From Mountain Xpress, here is Ileana Grams-Moog, discussing an ongoing, national issue--the continuous, rapid depletion of public library collections. She is describing the process in Asheville (NC) but it could just as easily have been anywhere:
From my time working as a librarian, I know that all libraries cull their collections on an ongoing basis. But what’s happening now is apparently a permanent downsizing. Nor is it only fiction that is disappearing. Science, history, biography, psychology, cooking, gardening, crafts: Every area is being depleted. Many—indeed, most—of the books being sold are out of print and therefore not easily available elsewhere, if at all. This is especially deplorable in areas where old books contain information not available in new ones.

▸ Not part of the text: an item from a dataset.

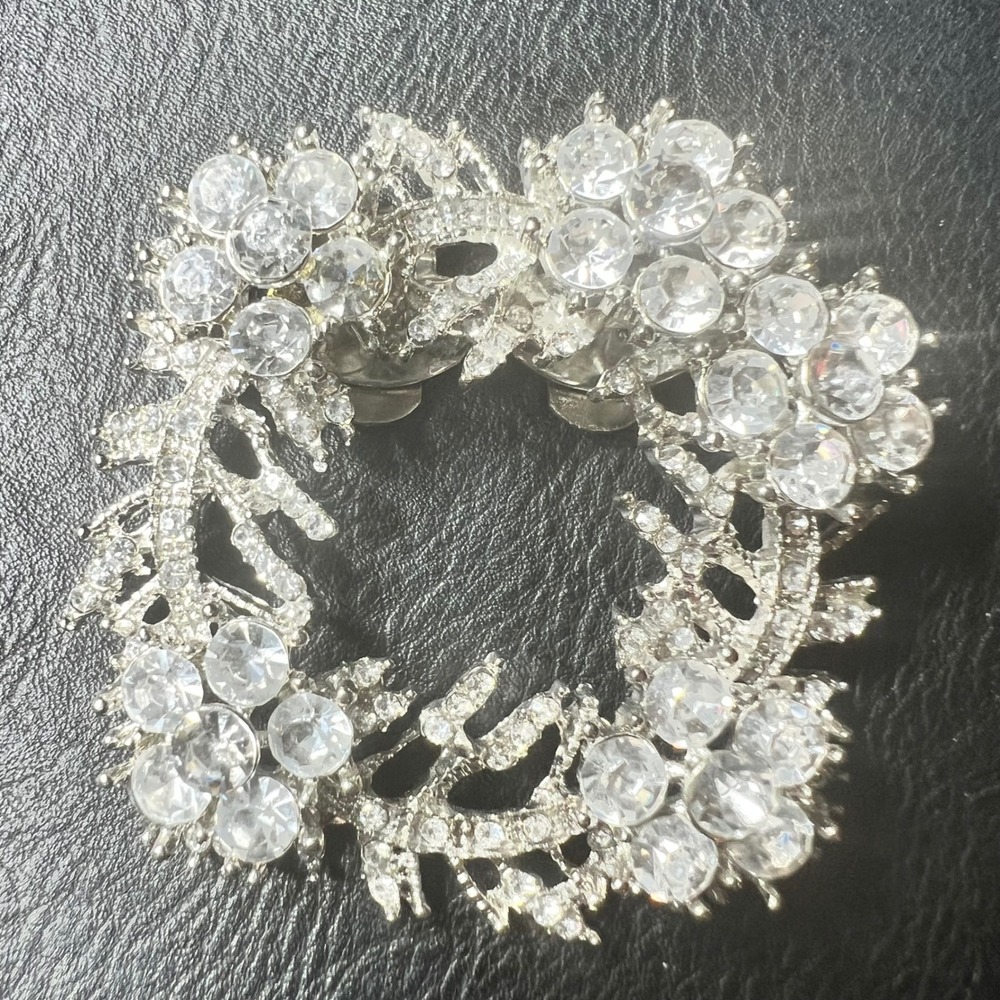 Vintage Silver Tone Clear Rhinestone Wreath Shoe Clip‎ Large 2.25" Glam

In cooking, gardening, crafts, yoga, poetry, history and even in science, in fields such as animal behavior and paleontology, old books contain detailed, lively information that’s no longer covered in more recent ones. To get rid of these books is the equivalent of deliberate, collective amnesia.The other issue is storing the books, if they are not discarded. The public appears willing to pay for libraries, but not usually willing to spend tax money to build warehouses for old books that no longer circulate. (What's to become of the thousands of old, dated books, if indeed they are kept?) There are thousands of volumes discarded every year, everywhere. Most municipalities have periodic book-sales, and if you have ever been to one of these, you know some really fantastic, unique books are culled from local collections, constantly.
I was told that the criterion used is how recently the book last circulated. I just bought, for $2, a book that I took out about a year ago (and that cost the library more than $30 when acquired).
And what about the user-atmosphere of the libraries themselves? In larger cities (and increasingly, in small ones, too) homeless people sleep in libraries during the day, use the restrooms, panhandle when security guards aren't looking, etc. Have Borders and Barnes & Noble become the new 'library'--as educated, suburban readers prefer not to deal with the riff-raff that is the general public?
For an entertaining and informative take on the library biz, check out Blogging Librarian.
And I can only add, with considerable vehemence, SAVE THE LIBRARIES!!!!!!